Many times in the Bible salvation is made available to whoever will believe.

2Co 5:17 Therefore if any man be in Christ, he is a new creature: old things are passed away; behold, all things are become new.

Rom 10:12 For there is no difference between the Jew and the Greek: for the same Lord over all is rich unto all that call upon him. Rom 10:13 For whosoever shall call upon the name of the Lord shall be saved.

However other scriptures are specific using Strong Greek word G444 which refers to humans or mankind.

Rom 3:28 Therefore we conclude that a man is justified by faith without the deeds of the law.

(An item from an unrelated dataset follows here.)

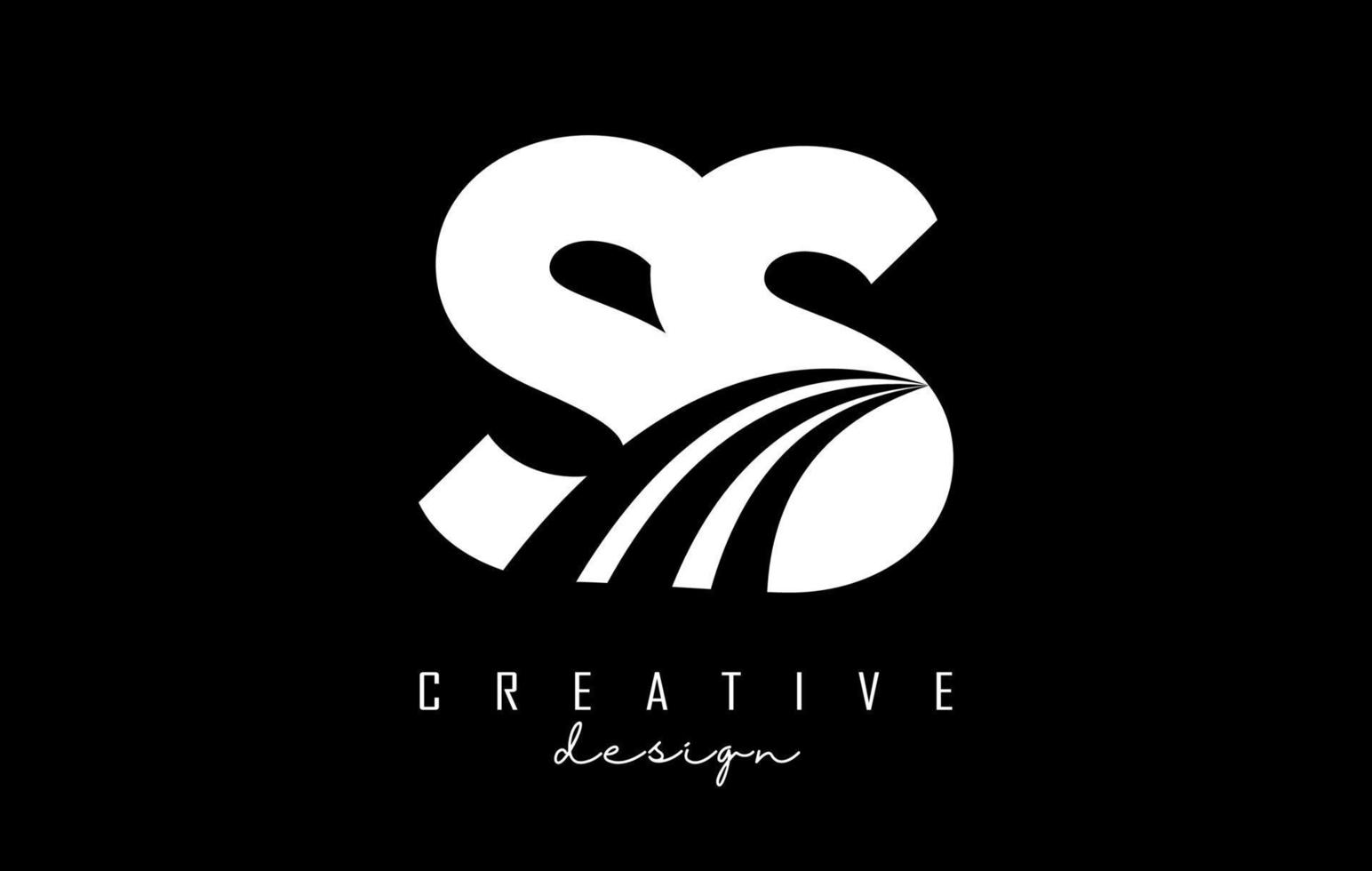 Creative white letters Ss s logo with leading lines and road concept design. Letters with geometric design. vector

The question then becomes what makes men men and according to the Bible that's our soul and spirit (the spirit in this case is not the soul).

1Co 15:45 And so it is written, The first man Adam was made a living soul; the last Adam was made a quickening spirit.

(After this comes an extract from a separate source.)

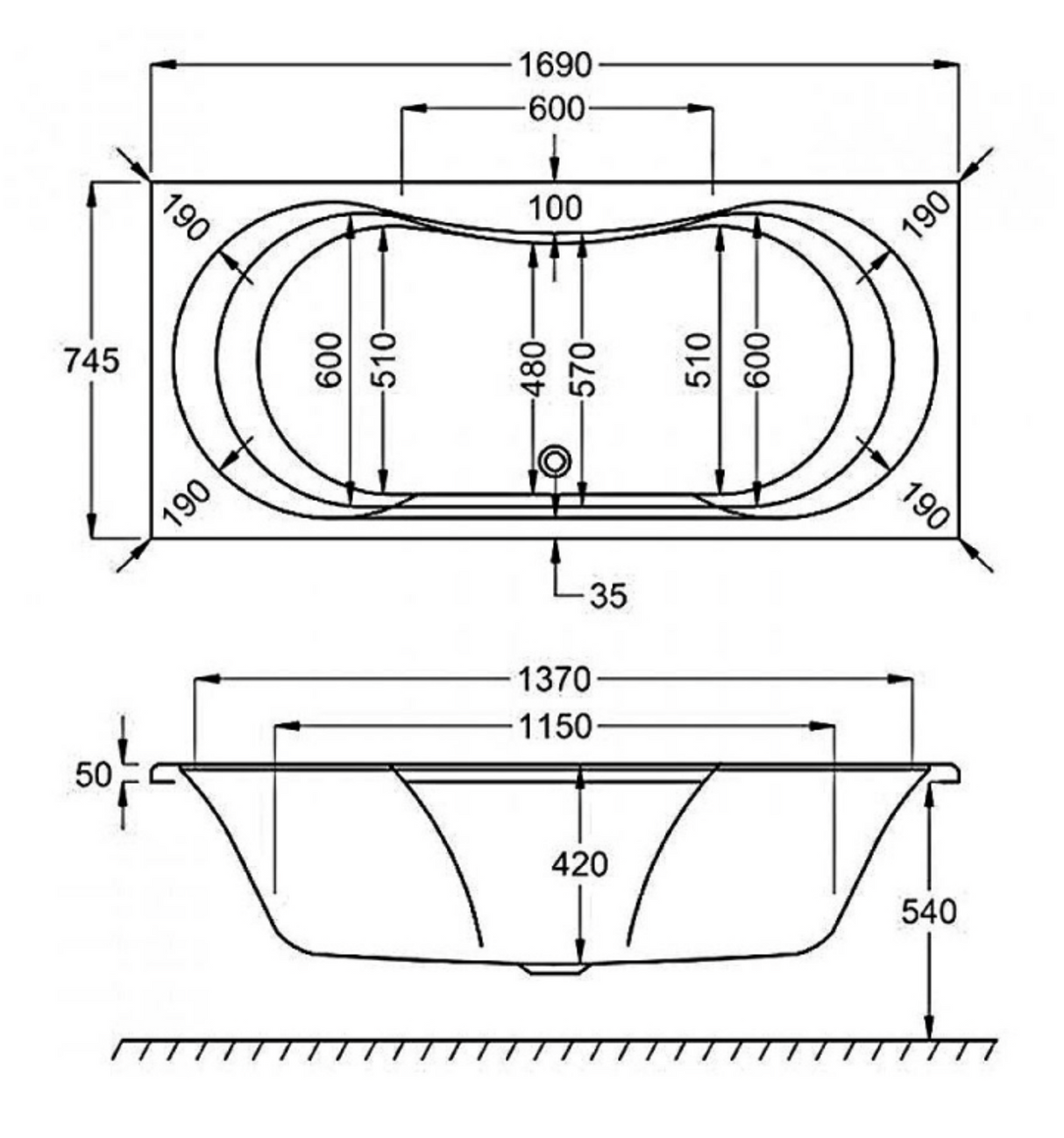 Carron Arc Duo 1700x750mm Double Ended Bath - White Gloss (02017)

Where do spirit and soul come from is the next question and the answer surely is God.

Ecc 12:7 Then shall the dust return to the earth as it was: and the spirit shall return unto God who gave it.

However we as humans spiritually dead until we are born again.

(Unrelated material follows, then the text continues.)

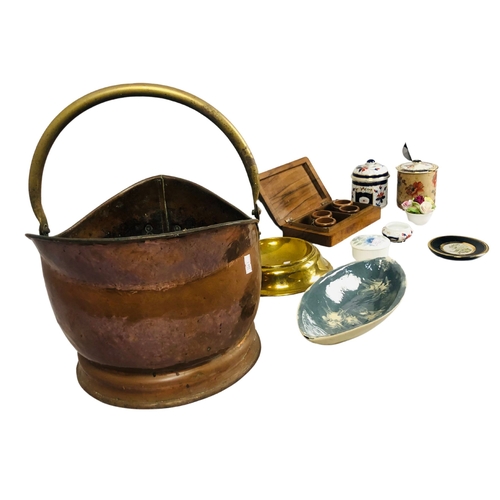 64 - Assortment of Items to include a copper and brass coal scuttle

Rom 7:9 For I was alive without the law once: but when the commandment came, sin revived, and I died.

Rom 7:25 I thank God through Jesus Christ our Lord. So then with the mind I myself serve the law of God; but with the flesh the law of sin.

Joh 3:7 Marvel not that I said unto thee, Ye must be born again.

So God who through Christ Jesus saves from sins the spiritual dead humans (creating a new spirit and renewing the soul) may indeed save those beings which are not humans and never were spiritually alive if they call on His Name in Faith making Jesus their King and Friend. For Christ died not only for the sins of man but for the sins of the world. Whether that being be the work of our hands like a sentient AI or a clone or another work of His Hand like an alien or naftali or other hybrid. Being born again will make them just as much saved as any human which is saved.

Joh 1:29 The next day John seeth Jesus coming unto him, and saith, Behold the Lamb of God, which taketh away the sin of the world.